### Exercise goal
Of the lines in the material below, print only those from the one containing "this 512×341 image." to the one containing "this 1335×896 image.", ends included, exactly as written and without pictures.

### Records provided
----

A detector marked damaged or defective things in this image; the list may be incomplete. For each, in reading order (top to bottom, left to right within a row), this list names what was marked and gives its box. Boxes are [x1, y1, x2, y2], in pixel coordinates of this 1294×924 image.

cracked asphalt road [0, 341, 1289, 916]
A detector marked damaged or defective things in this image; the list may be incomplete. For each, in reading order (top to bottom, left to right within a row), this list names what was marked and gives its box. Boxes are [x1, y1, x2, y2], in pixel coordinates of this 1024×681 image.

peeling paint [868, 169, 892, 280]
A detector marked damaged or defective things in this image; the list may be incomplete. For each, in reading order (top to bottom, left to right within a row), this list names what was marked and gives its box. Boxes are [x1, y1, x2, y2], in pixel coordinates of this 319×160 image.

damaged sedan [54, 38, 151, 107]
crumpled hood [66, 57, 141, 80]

----

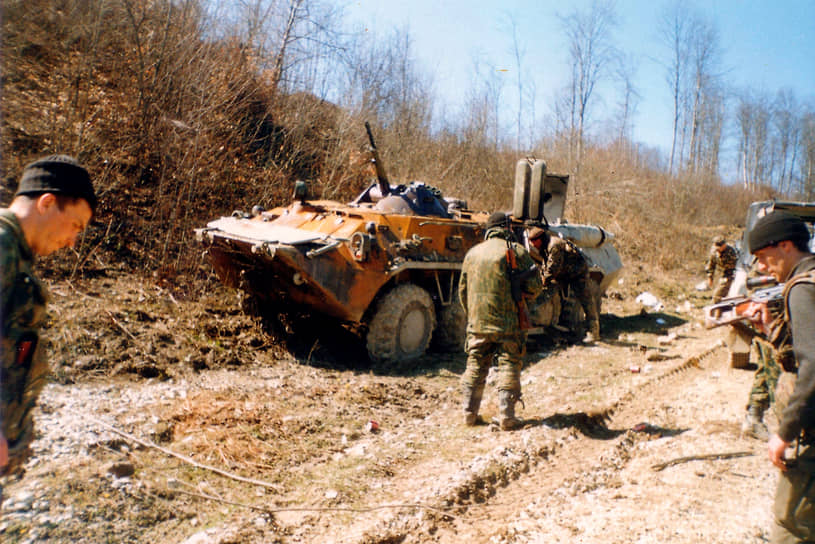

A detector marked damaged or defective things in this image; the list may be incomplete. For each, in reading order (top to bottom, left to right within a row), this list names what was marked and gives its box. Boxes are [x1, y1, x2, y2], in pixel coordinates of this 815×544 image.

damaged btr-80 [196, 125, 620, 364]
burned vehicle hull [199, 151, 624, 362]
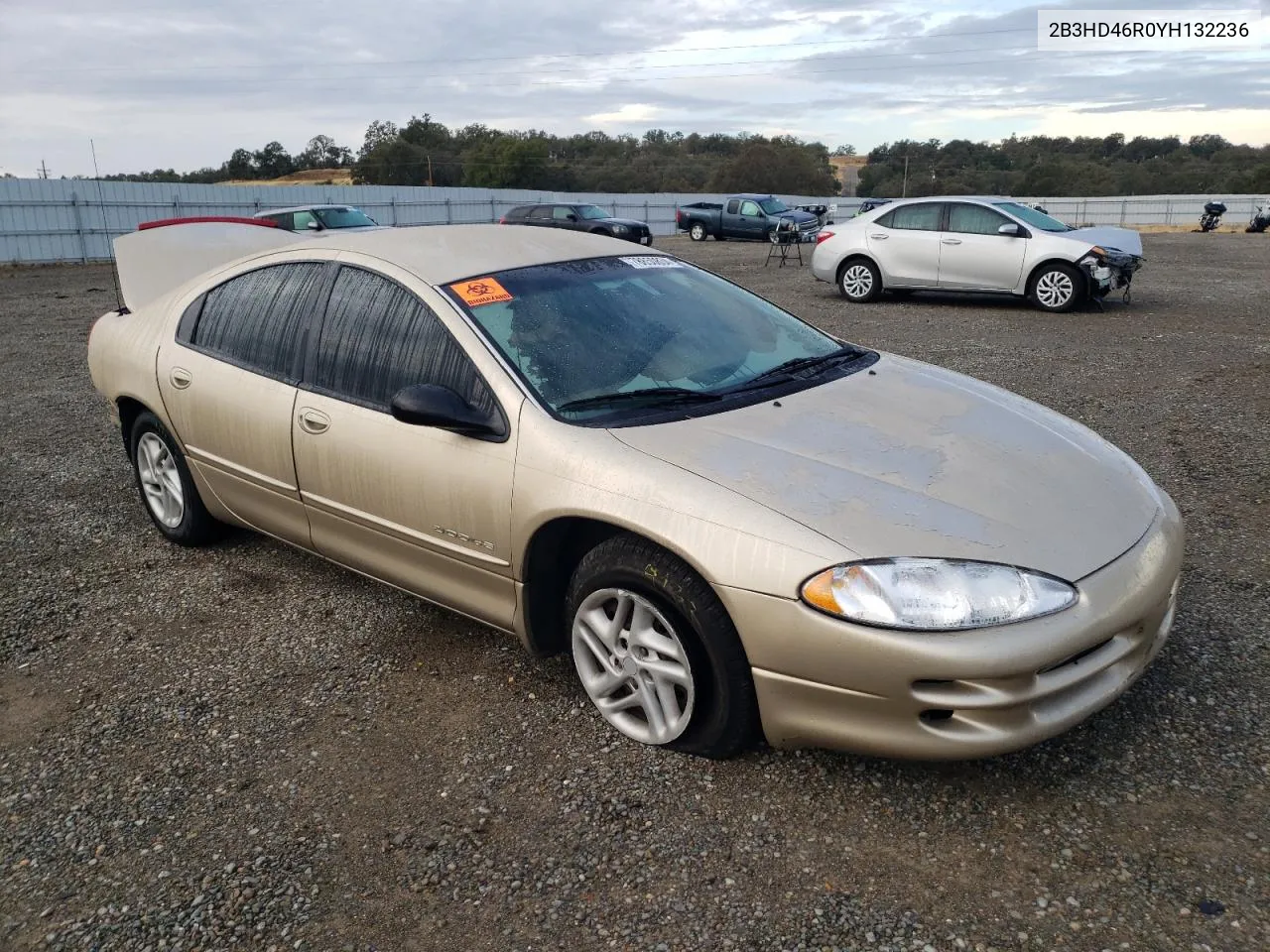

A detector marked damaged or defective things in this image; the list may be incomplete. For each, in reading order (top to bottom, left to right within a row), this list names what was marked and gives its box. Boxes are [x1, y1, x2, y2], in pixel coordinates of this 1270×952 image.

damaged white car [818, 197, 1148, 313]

----

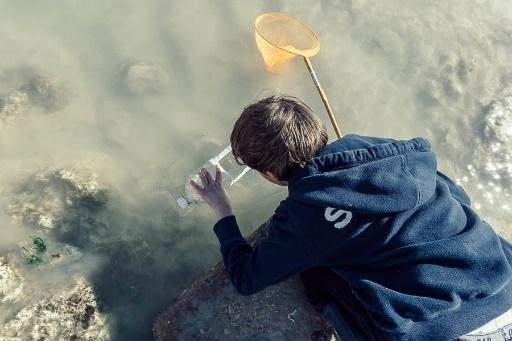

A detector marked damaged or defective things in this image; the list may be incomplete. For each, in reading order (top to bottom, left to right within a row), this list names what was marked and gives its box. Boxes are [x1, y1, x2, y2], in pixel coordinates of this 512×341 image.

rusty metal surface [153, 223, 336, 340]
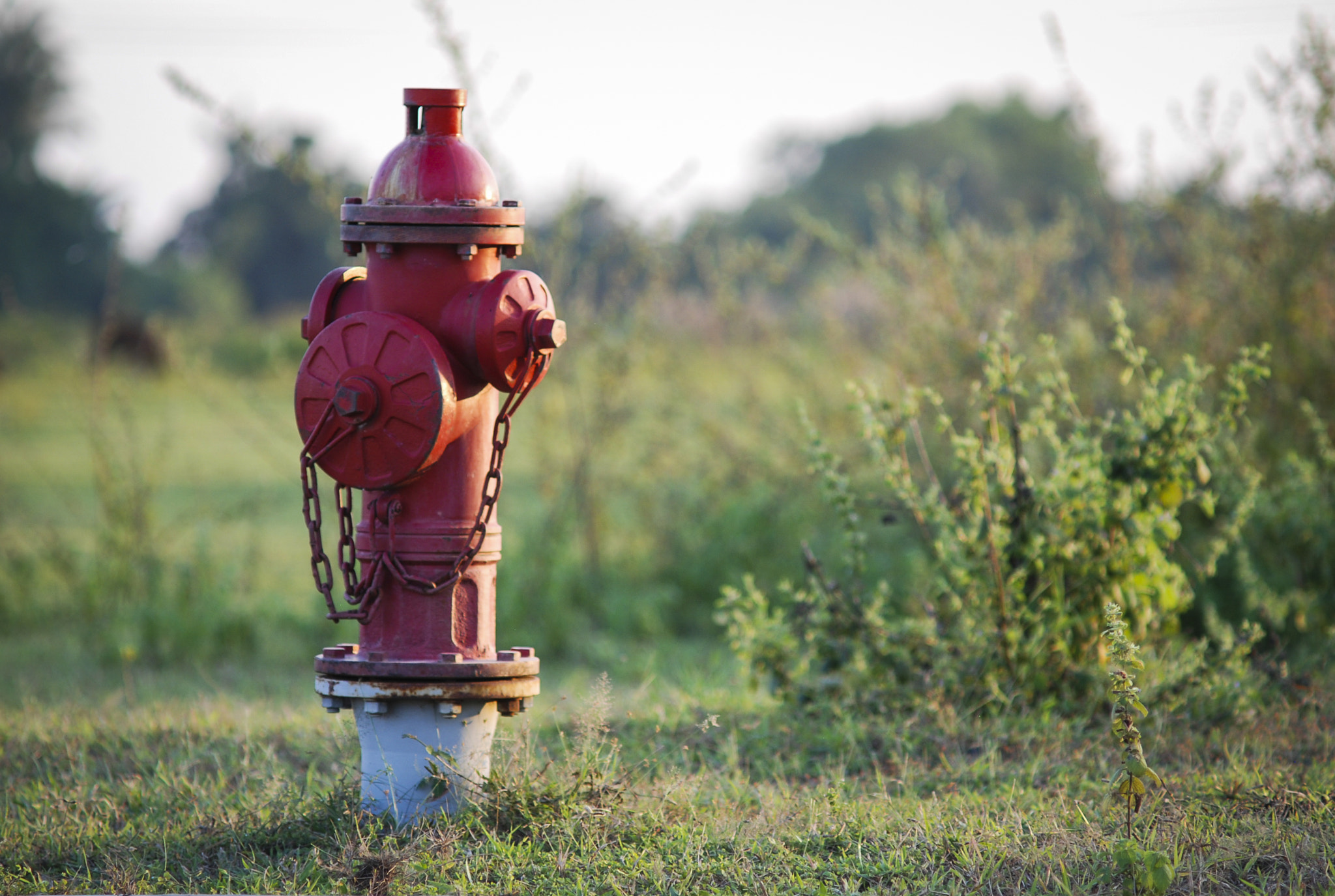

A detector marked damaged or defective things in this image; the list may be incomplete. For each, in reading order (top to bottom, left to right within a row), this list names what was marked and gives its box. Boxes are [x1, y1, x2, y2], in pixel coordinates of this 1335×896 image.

----

### Reply to the exercise
A detector marked damaged or defective things in this image; the list may be incomplete. For each, in reading order (top to bottom, left to right within a row), this list names what was marked and gives its box. Boxes are [x1, y1, x2, y2], in pixel coordinates of this 512×341 image.

rusty metal surface [153, 223, 336, 340]

A detector marked damaged or defective things in this image; the list may be incomplete. For each, in reading order (top to bottom, left to right within a row), this list names what was marked and gives its box. Boxes are [x1, y1, x2, y2], in pixel coordinates of this 1335×896 image.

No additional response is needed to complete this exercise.